THE TASK
No pictures belong in the copy. Set down exactly the lines from the one that contains "Holy Thursday divine" through the end of the data.

[Stored items from a collection]
-- Opening Marker --

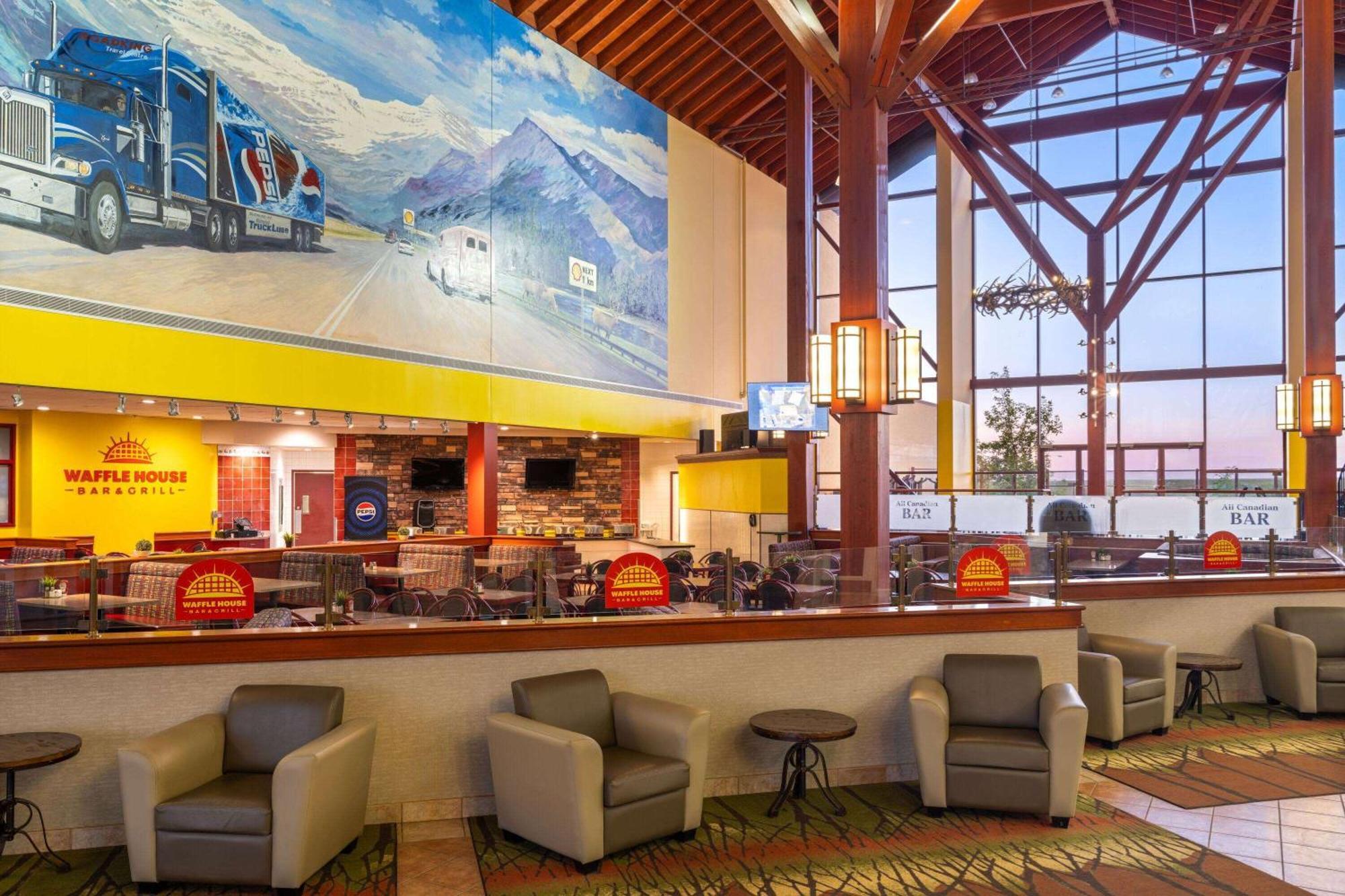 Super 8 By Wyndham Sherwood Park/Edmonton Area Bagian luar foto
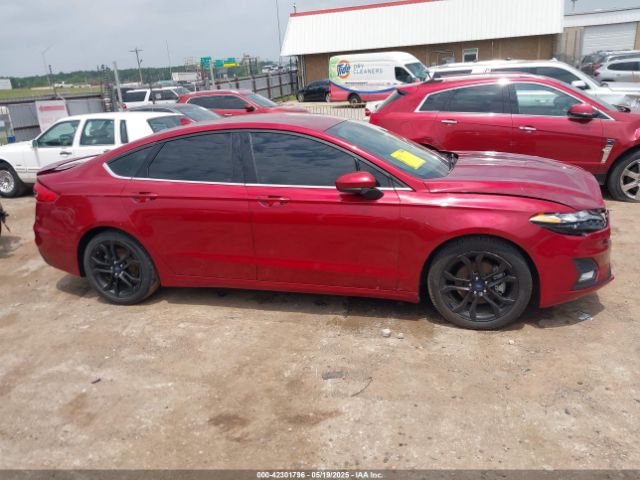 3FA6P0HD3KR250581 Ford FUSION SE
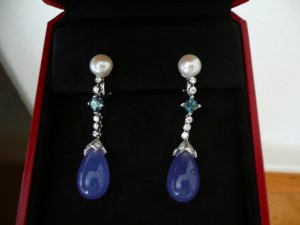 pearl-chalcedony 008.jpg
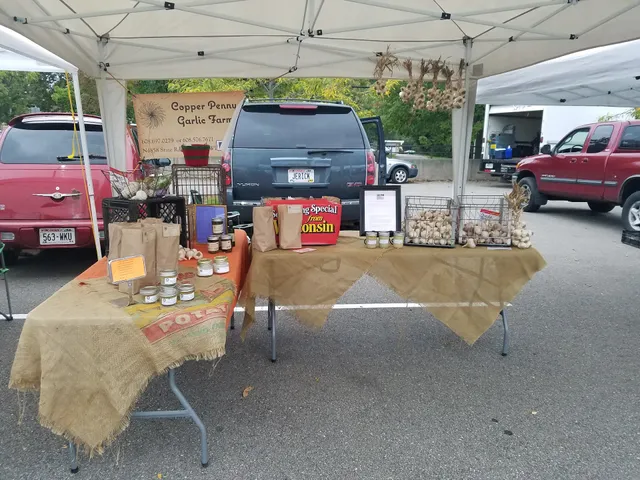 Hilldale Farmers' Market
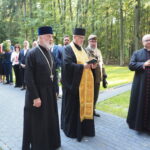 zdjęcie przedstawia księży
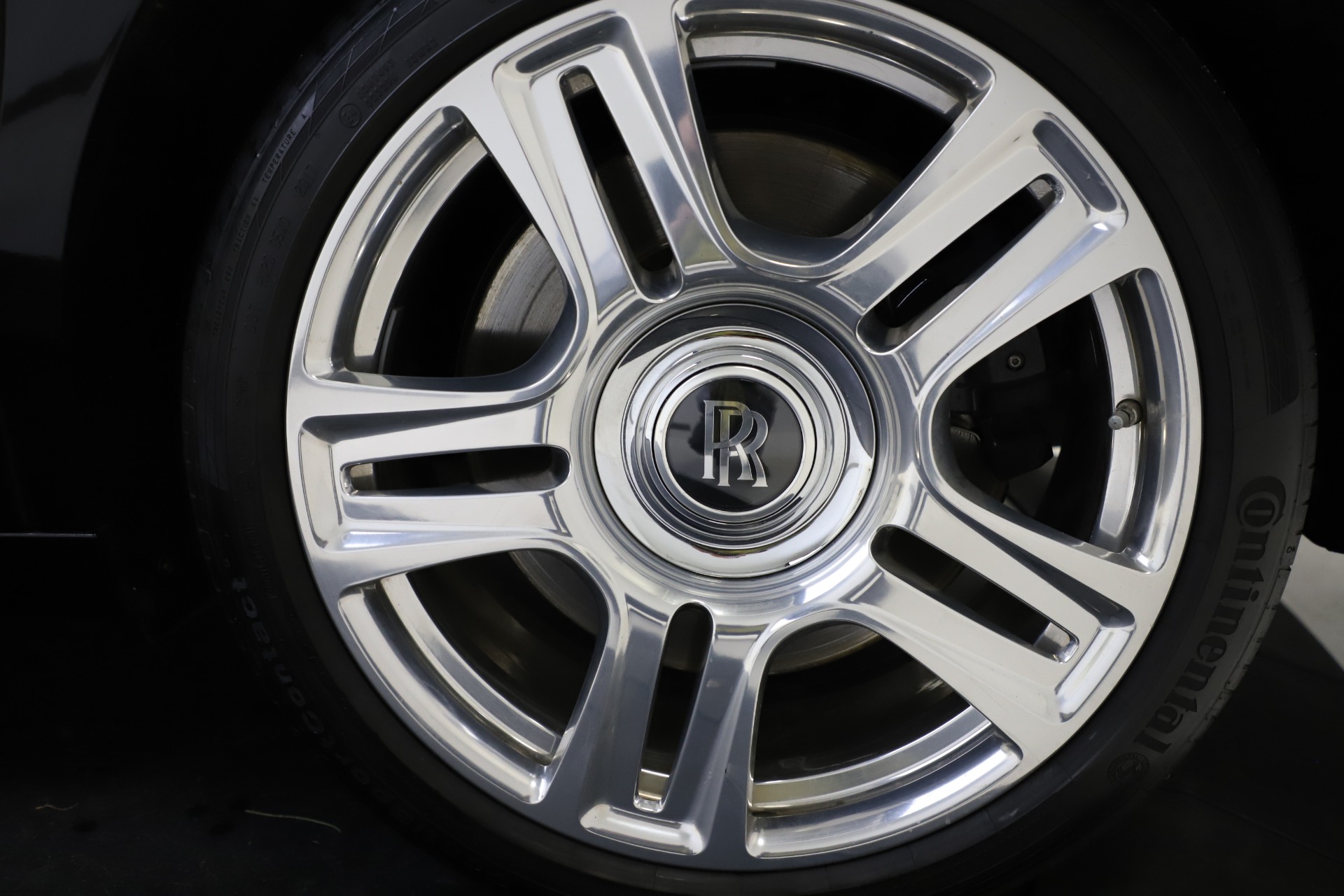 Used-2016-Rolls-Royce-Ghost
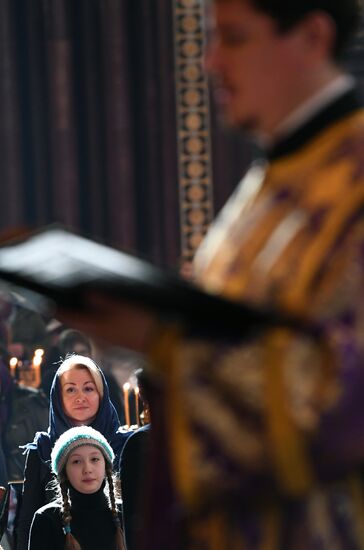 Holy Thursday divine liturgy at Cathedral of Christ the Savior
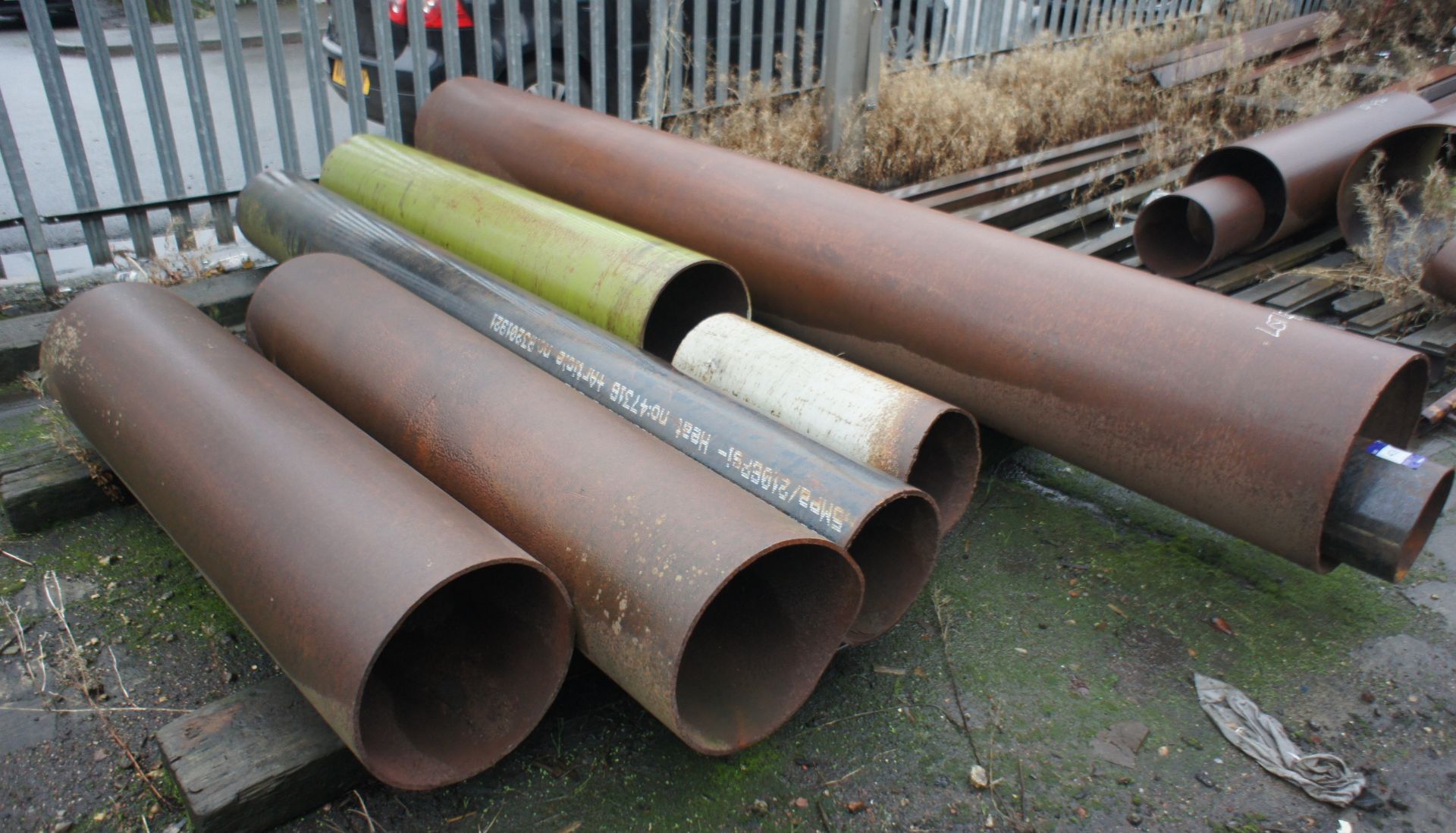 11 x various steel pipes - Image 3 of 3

-- Closing Marker --

ANSWER BOX
 Holy Thursday divine liturgy at Cathedral of Christ the Savior
 11 x various steel pipes - Image 3 of 3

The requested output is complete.